To maximize crash performance through innovative and safe vehicle architecture it is imperative that energy absorbing structural concepts can be implemented and optimized at early stages of vehicle design. This potential can be maximized through the development of rapid modelling strategies. This project explores modelling approaches for this particular application.
Automated annotation for Advance Driver Assistance Systems. Autonomous vehicles (AV) are using Advance Driver Assistance Systems exploiting information from camera and LiDAR to recognise actors and infrastructure in their environment in order to take appropriate actions. Training AV control systems require good and accurately annotated images.
This consultancy project, funded by L&T Technology Services Limited (LTTS), is developing machine learning methods to automatically annotate images, videos and LiDAR data by identifying road users, traffic signs, lane and road marking as well as the scene, the weather conditions and time of day.
This project will improve the consistency of manual, speed and repeatability of manual annotation.
Communication and positioning from 5G to 6G. Communication speed, effectiveness, robustness, resilience and security are key to realising the expected benefits of a fully connected environment.
This research focuses on visible light communication (VLC) which will be a new physical layer introduced in 6G. VLC can be faster, more secure and robust to interference compared to radiofrequency communication.
We have been looking at algorithms and material to realise the benefits of both VLC and visible light positioning
Traffic simulation and management to inform policy. Traffic is increasing around the world resulting incidents, congestions, wasted productive time and increased emission leading to significant health impacts.
In this area of research we have been developing microscopic traffic simulation models to evaluate the impact of traffic management, vehicle routing, peak spreading and lately wireless charging.
We can replicate current traffic and inform policy decisions on various method of traffic management and the impact of wireless charging for buses as well as electric and plug in hybrid.
5G/6G End-to-end Network Slicing Framework for Vertical Industries.

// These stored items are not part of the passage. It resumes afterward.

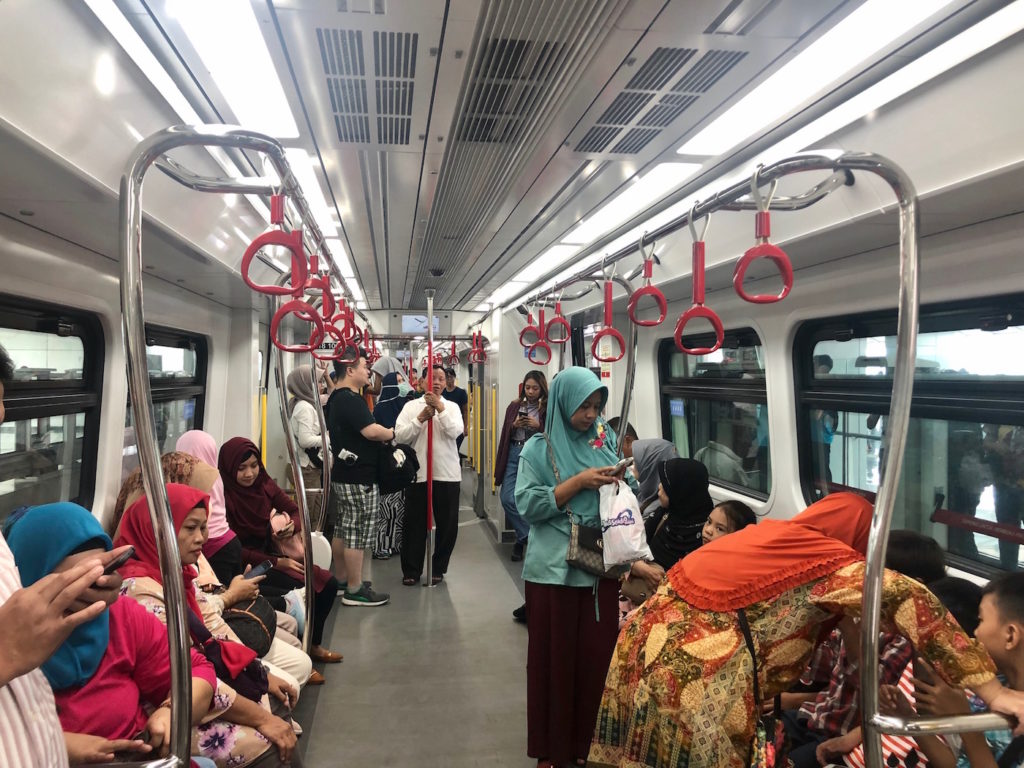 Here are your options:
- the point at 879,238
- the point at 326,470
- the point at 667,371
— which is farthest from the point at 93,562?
the point at 667,371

This project aims at constructing a 5G/6G end-to-end (E2E) slicing framework, where “network slices” spanning all relevant domains (e.g., user devices, base stations and network infrastructure) are created and tailored to meet the heterogeneous needs of target industries.

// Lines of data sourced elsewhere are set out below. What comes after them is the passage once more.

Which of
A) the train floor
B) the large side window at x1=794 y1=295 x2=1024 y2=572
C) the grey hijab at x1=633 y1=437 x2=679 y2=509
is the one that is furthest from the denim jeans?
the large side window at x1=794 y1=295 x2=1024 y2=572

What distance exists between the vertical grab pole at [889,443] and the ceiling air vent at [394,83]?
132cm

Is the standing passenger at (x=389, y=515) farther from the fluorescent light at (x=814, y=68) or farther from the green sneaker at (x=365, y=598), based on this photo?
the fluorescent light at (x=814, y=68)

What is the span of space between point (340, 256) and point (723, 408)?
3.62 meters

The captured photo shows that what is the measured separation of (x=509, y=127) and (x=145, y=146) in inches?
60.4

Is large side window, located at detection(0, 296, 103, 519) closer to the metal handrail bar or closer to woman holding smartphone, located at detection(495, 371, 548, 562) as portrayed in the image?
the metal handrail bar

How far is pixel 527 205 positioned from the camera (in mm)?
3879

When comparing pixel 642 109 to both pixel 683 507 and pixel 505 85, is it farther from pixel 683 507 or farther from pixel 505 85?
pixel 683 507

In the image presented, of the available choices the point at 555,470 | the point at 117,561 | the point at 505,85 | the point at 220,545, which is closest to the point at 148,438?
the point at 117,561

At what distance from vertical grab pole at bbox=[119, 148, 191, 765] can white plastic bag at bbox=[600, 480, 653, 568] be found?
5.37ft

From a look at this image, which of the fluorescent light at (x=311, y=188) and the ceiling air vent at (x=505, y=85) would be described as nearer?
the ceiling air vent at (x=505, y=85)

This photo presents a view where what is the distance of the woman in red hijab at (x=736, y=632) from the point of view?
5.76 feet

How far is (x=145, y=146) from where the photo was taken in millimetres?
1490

All the practical aspects (e.g., orchestration, isolation, scalability, and security) associated with the design, deployment, and operation of these slices will be studied, and the required mechanisms will be developed. To demonstrate the benefits of the proposed framework in a real-world environment, a future-proof experimental 5G/6G slicing testbed, based on commodity hardware (e.g., software-defined radios (SDRs) and x86 computers) and open-source solutions, will be built and applied to significant use cases in the automotive industry.